Es war ein begrenzter Krieg zwischen nur zwei Mächten, weit ab vom üblichen Weltgeschehen. Aber doch hat er die Geschichte mehr verändert als viele größere Kriege: Vor 100 Jahren wurde mit der Seeschlacht von Tsushima der russisch-japanische Krieg am 27. Mai 1905 entschieden - und die Basis für zwei Revolutionen gelegt, von denen eine die Welt erschütterte.
Begonnen hatte der Krieg am 9. Februar 1904. Japans Flotte griff, wie 37 Jahre später in Pearl Harbor, ohne Kriegserklärung den russischen Hafen Port Arthur an. Um den Flottenstützpunkt in China hatten sich die alte Großmacht Russland und das rasant wachsende Japan seit Jahrzehnten ebenso gestritten wie um die Mandschurei, den reichen Nordosten Chinas. St. Petersburg hatte den Chinesen Schutz vor den "japanischen Affen" (Zar Nikolaus II.) versprochen, 1898 aber Port Arthur gepachtet. Von da gingen die begehrlichen Blicke weiter auf Korea, das die Japaner ebenso in ihren Machtbereich einbeziehen wollten wie die Mandschurei.
Demoralisierte Russen
Bei Kriegsausbruch zeigte sich schnell, dass die Russen schlecht ausgerüstet und noch schlechter geführt waren. So kam es zu der Niederlage bei Mukden, der bis dahin größten Schlacht. Mehr als 600.000 Soldaten standen einander im März 1905 nahe der Hauptstadt der Mandschurei, dem heutigen Shenyang, gegenüber - 50.000 blieben auf dem Schlachtfeld. Es waren zwar auch 16.000 Japaner gefallen, doch die 26.000 Toten, ebenso vielen Verwundeten und 40.000 Gefangenen in den eigenen Reihen demoralisierten die Russen.

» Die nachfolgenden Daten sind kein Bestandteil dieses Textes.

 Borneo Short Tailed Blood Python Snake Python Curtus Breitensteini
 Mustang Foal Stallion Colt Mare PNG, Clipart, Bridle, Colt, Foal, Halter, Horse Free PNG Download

Doch den entscheidenden Stoß versetzte die japanische Flotte dem Gegner - nach einer Reihe haarsträubender Fehlentscheidungen der Russen. Das galt besonders für die von Zar Nikolaus entsandte Ostseeflotte. Die Admirale wähnten sich schon auf der Doggerbank von japanischen Fischerbooten umstellt, mitten in der Nordsee. Die riesige Flotte feuerte stundenlang auf den vermuteten Feind - englische Fischerboote. Trotz des schweren Gefechts konnten die Russen nur einen der etwa 30 langsamen und unbewaffneten Trawler versenken. Zwei Fischer starben, die - selbst verursachten - Verluste der Russen waren etwa ebenso hoch.
Der Flottenverband durchfuhr den Atlantik, umschiffte ganz Afrika, durchquerte den Indischen Ozean und hatte schließlich mit 34.000 Kilometern fast den Erdumfang zurückgelegt, als er bei Tsushima von japanischen Schiffen gestellt wurde. Die Japaner schlugen die Russen vernichtend, bevor diese überhaupt in den Krieg eingreifen konnten: St. Petersburg verlor in wenigen Stunden 35 von 38 Schiffen - darunter acht Schlachtschiffe und neun Kreuzer. Fast 5000 Russen starben, mehr als 7000, darunter drei Admiräle, gingen in Gefangenschaft. Sie hatten nicht mehr als drei kleine Torpedoboote der Japaner versenkt.
Friedensnobelpreis für Theodore Roosevelt
Erst nach Tsushima akzeptierte Zar Nikolaus ein Vermittlungsangebot von Theodore Roosevelt, der später für seine Bemühungen als erster US-Präsident den Friedensnobelpreis erhielt. Die Japaner, an der Grenze ihrer Kraft, nahmen den Frieden von Portsmouth an: Russland zog sich aus der Mandschurei zurück, Japan bekam die Halbinsel Liaotung mit Port Arthur und die südliche Hälfte von Sachalin.
Zum ersten Mal in der Neuzeit war eine europäische von einer fremden Macht besiegt worden. Doch auch den Japanern brachte der Sieg kein Glück. Tokio war isoliert und glaubte später, mit der gleichen Taktik auch die USA besiegen zu können. Der Angriff auf Pearl Harbor schlug als Katastrophe auf Japan zurück.
In Russland war mit dem Krieg der Ruf nach Reformen laut geworden. Am 22. Januar 1905, dem als "Blutsonntag in die Geschichte eingegangenen Tag, marschierten Hunderttausende auf das Winterpalais in St. Petersburg. Soldaten schossen in die Menge, Hunderte starben. Zwölf Jahre später folgte, so schrieb Leo Trotzki, "auf die Generalprobe von 1905 die Revolution von 1917", die "Oktoberrevolution".